| [ directory ] |
When the term Servlet is mentioned, it is almost always implied that the Servlet is an instance of HttpServlet[3]. The explanation of this is simple. The HyperText Transfer Protocol (HTTP)[4] is used for the vast majority of transactions on the World Wide Webevery Web page you visit is transmitted using HTTP, hence the http:// prefix. Not that HTTP is the best protocol to ever be made, but HTTP does work and HTTP is already widely used. Servlet support for HTTP transactions comes in the form of the javax.servlet.http.HttpServlet class.
[3] Note that at the time of writing there is only one protocol-specific servlet and it is HTTP. However, at least one JSR is looking to add additional protocol-specific servlets. In this particular case, it is the SIP (Session Initiation Protocol).
[4] Voracious readers are advised to read the current HTTP specification, http://www.ietf.org/rfc/rfc2616.txt. This book is not a substitute for the complete specification. However, this book does provide more than enough detail for the average Web developer.

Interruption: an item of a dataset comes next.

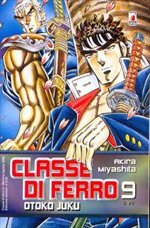 classe-di-ferro-9-di-20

Before showing an example of an HttpServlet, it is helpful to reiterate the basics of the HyperText Transfer Protocol. Many developers do not fully understand HTTP, which is critical in order to fully understand an HttpServlet. HTTP is a simple, stateless protocol. The protocol relies on a client, usually a Web browser, to make a request and a server to send a response. Connections only last long enough for one transaction. A transaction can be one or more request/response pairs. For example, a browser will send a request for an HTML page followed by multiple requests for each image on that page. All of these requests and responses will be done over the same connection. The connection will then be closed at the end of the last response. The whole process is relatively simple and occurs each time a browser requests a resource from an HTTP server[5].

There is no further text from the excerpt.